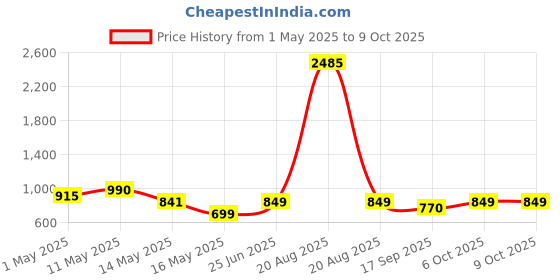 myntra.com CUTECUMBER Polka Dot Print Fit & Flare Dress cutecumber Price History Graph from 1 May 2025 to 8 Oct 2025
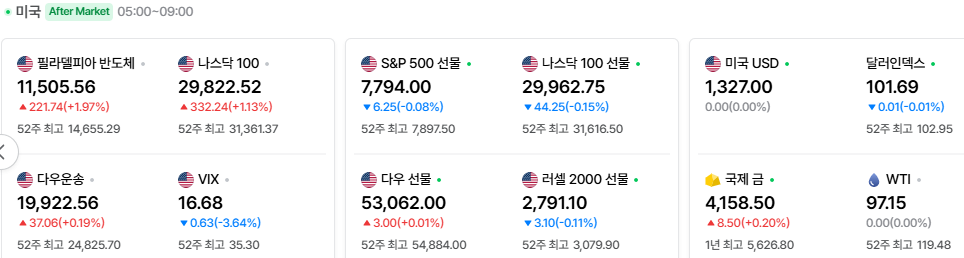 2026-10-21, 장마감 미국 증시현황 [출처=네이버 Pay 증권 제공]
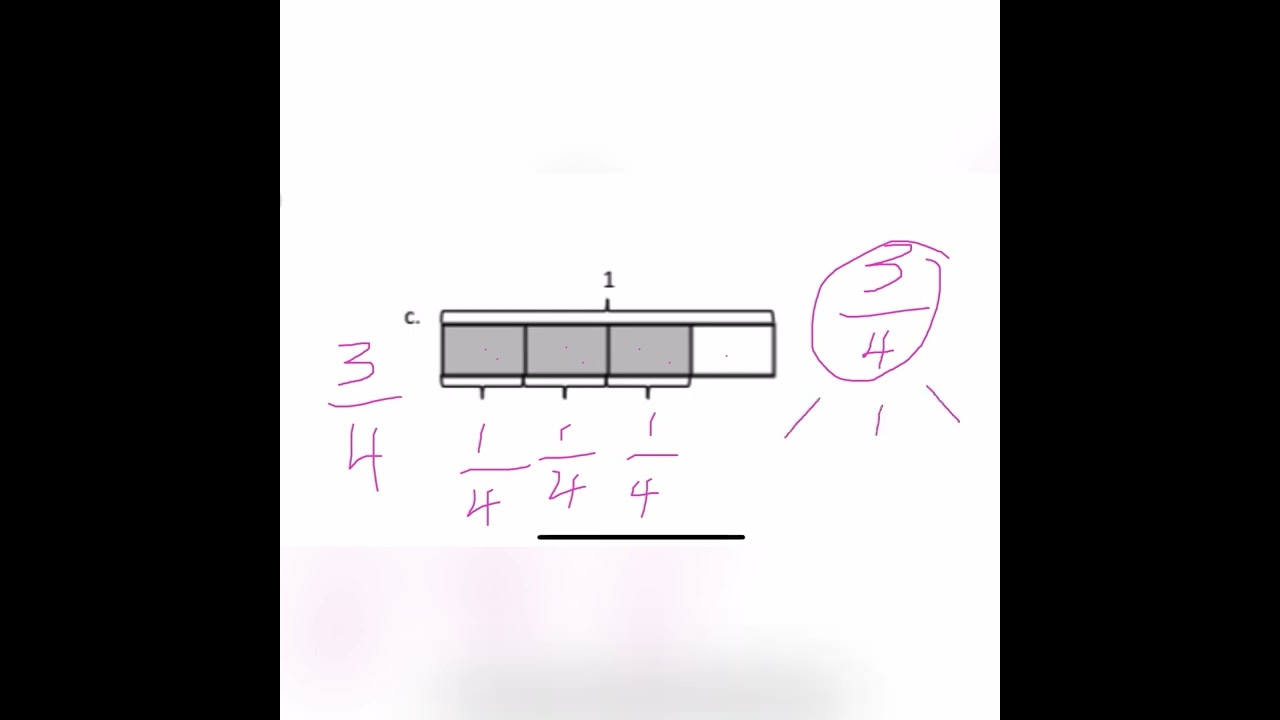 Grade 4 Common Core Math: decompose fractions using a tape diagram 4.NF.3.b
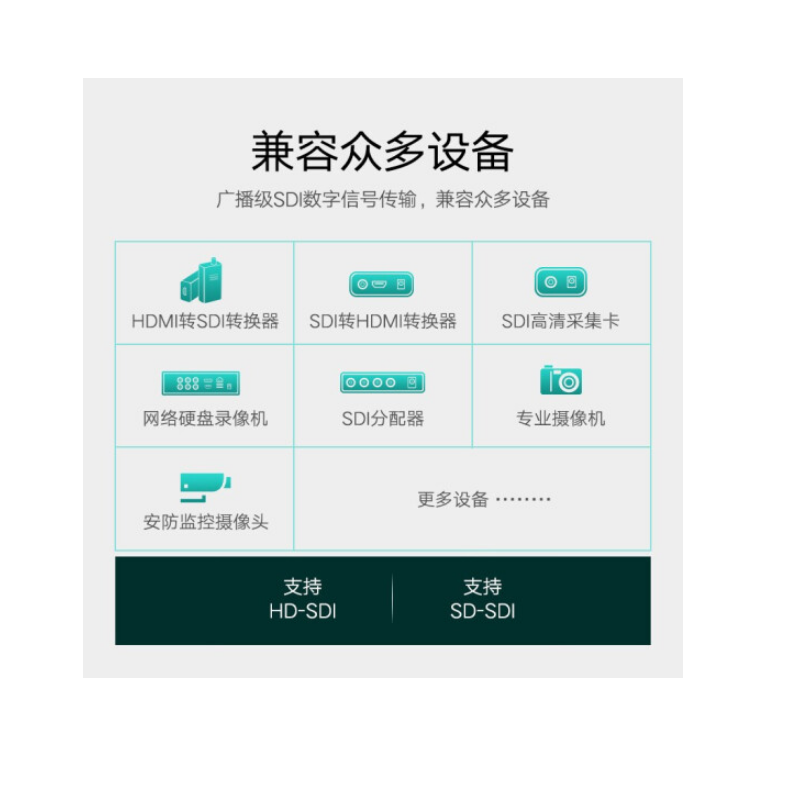 SDI线 绿联 10米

================

What to work on: The answer must consist solely of the lines from the one with "Grade 4 Common" through the final line of the data, each reproduced exactly and with pictures omitted.

Response below:
 Grade 4 Common Core Math: decompose fractions using a tape diagram 4.NF.3.b
 SDI线 绿联 10米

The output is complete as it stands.